Growing up in the I’att Armament tradition, Tinian served in almost every capacity at the company’s chief research and production facility on Druckenwell — droid programming, material procurement, line inspections, quality control and even security. Through her involvement in I’att Armament, she gained an intimate knowledge of explosives, including the ability to identify certain explosive compounds by texture and odor.
Cheever and the Band
Sprig Cheever’s band travels the space lanes, jumping from one system to the next, taking on whatever gigs they can get. Recently they’ve been on the run from Imperials while Cheever, his Bottom Viol player Yccakic and their sound droid help Tinian escape with c-boards stolen from prototype shielded stormtrooper armor.

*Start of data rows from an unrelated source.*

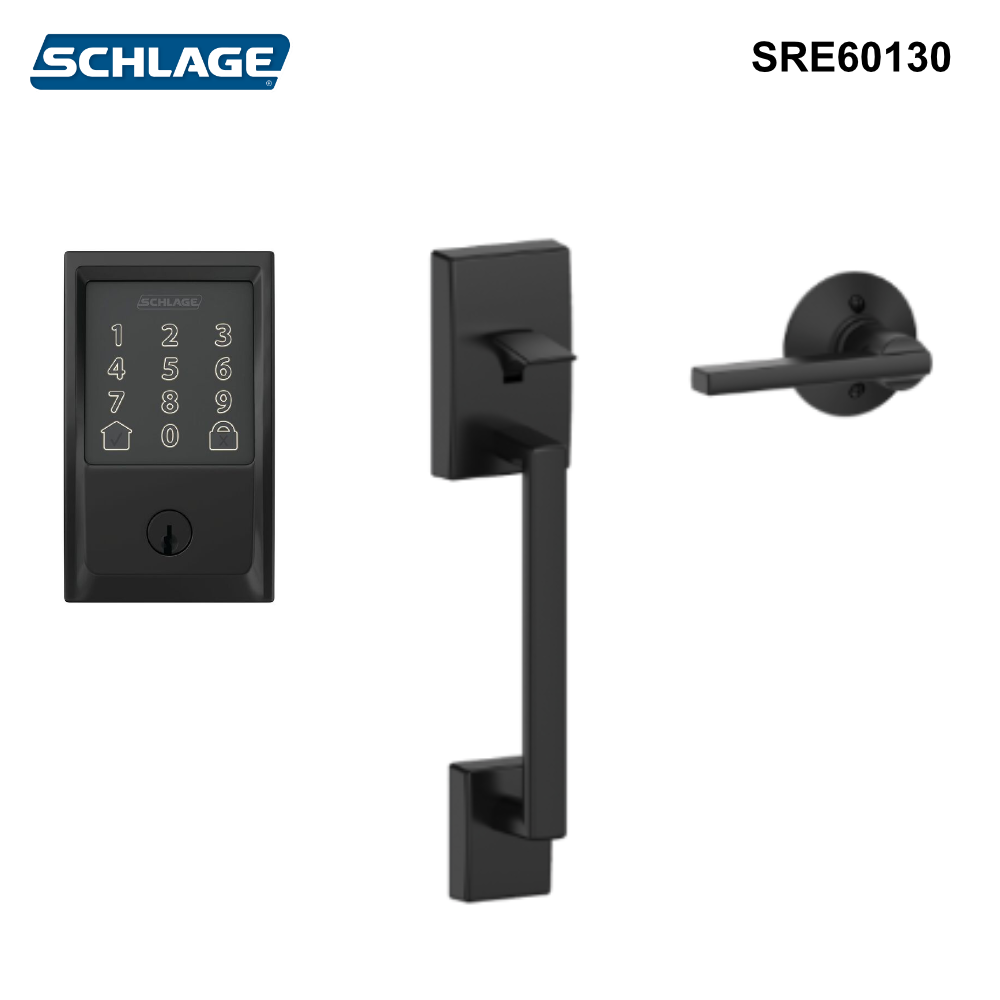 Schlage Encode - Smart Wi-Fi Deadbolt - Options Finish and Handles Encode Matt Black with Century and Latitude Handles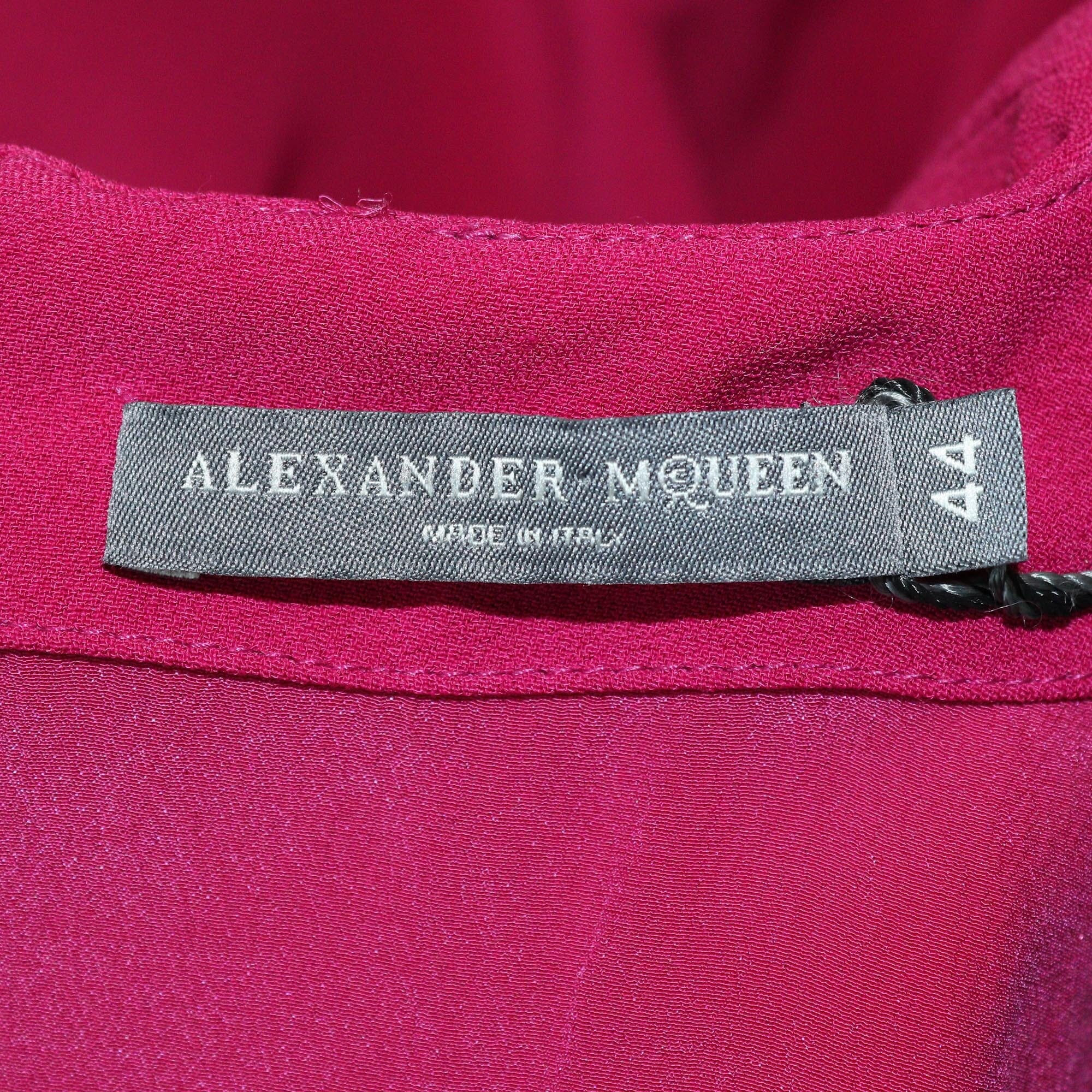 Alexander McQueen Pink Three Quarter Sleeve Crepe Ruffled Tiered Mini Dress Womens Alexander McQueen 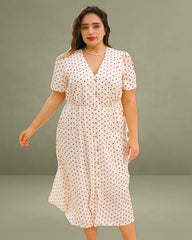 Beige Polka Dot Plus Size Midi Dress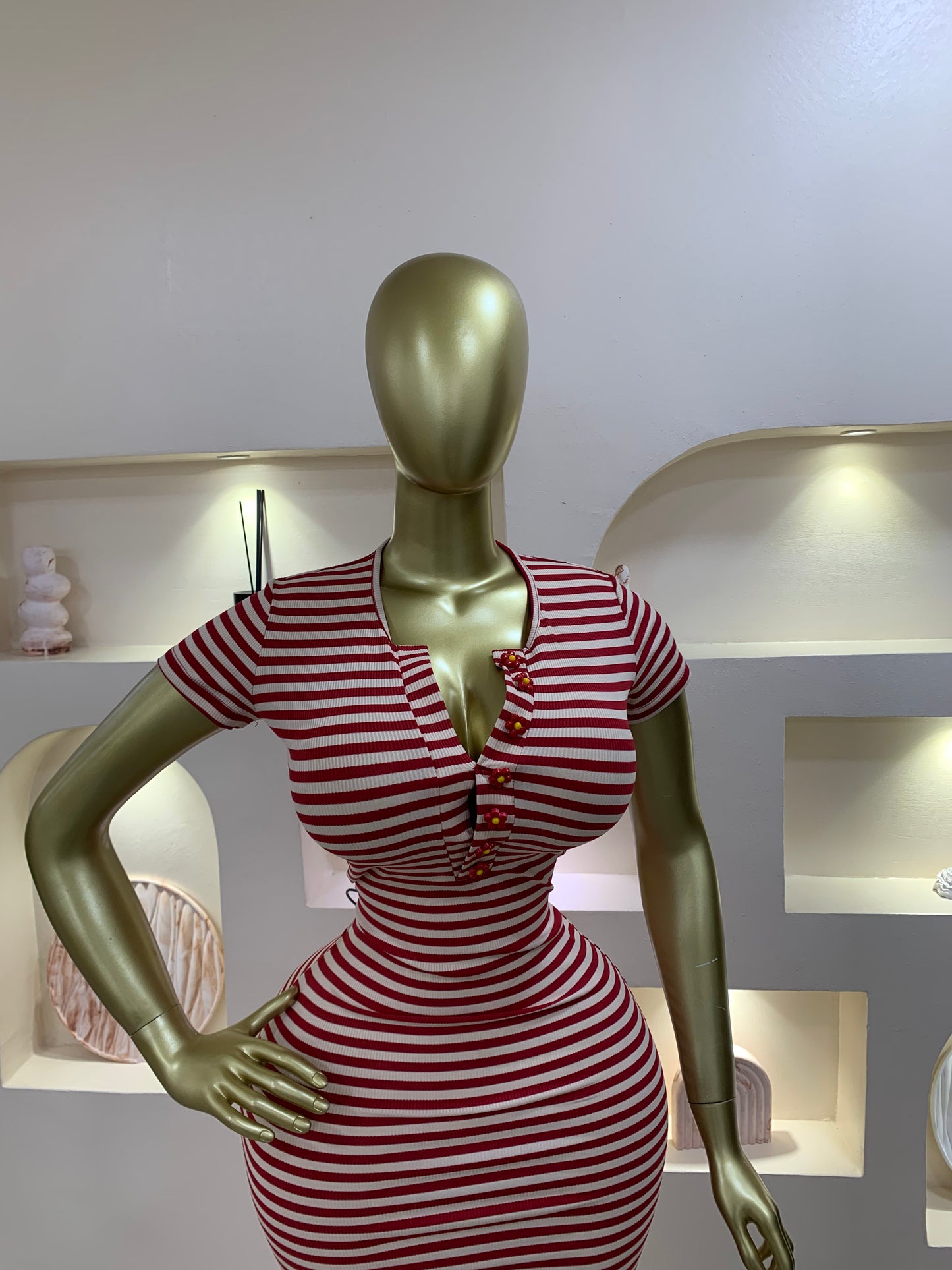 Citron stripe bodycon dress Tmf004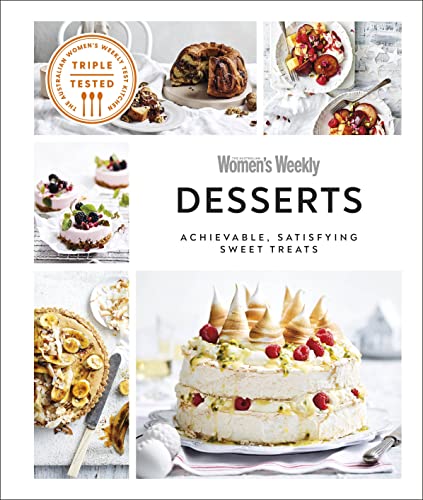 Cover of "Australian Women's Weekly Desserts" cookbook with various sweet treats.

Cheever is a slender Human sporting a neatly trimmed goatee. His easy-going nature is shown through his fluid posture. If Cheever isn’t leaning on something he’s slouching in a chair or comfortably draped over his KeyBed. Protecting Tinian is the closest he’s ever been to concerned, since she has little experience out in the space lanes.